EXTRACTED MATERIAL –
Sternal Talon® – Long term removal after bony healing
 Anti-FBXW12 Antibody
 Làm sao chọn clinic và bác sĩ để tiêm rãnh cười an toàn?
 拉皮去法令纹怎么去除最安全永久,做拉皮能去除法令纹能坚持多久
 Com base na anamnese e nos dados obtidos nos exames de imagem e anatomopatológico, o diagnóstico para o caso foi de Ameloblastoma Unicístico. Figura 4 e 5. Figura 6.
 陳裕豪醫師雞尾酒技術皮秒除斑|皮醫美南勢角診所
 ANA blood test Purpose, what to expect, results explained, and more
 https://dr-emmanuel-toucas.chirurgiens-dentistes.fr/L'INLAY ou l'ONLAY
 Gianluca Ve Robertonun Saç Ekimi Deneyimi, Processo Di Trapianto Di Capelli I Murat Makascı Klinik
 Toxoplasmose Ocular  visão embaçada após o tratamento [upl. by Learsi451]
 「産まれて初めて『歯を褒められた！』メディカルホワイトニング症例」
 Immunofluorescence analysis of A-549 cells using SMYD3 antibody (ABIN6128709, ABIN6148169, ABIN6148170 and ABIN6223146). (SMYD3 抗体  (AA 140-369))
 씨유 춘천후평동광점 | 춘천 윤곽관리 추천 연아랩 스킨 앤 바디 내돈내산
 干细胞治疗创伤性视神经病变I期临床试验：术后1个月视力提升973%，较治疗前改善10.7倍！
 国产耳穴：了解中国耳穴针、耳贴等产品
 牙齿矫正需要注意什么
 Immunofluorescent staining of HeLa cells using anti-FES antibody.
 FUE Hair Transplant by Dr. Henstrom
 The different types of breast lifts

ABOUT THIS EXERCISE – If a line in the entries above contains "cells", report it.

RESULT BELOW –
 Immunofluorescence analysis of A-549 cells using SMYD3 antibody (ABIN6128709, ABIN6148169, ABIN6148170 and ABIN6223146). (SMYD3 抗体  (AA 140-369))
 Immunofluorescent staining of HeLa cells using anti-FES antibody.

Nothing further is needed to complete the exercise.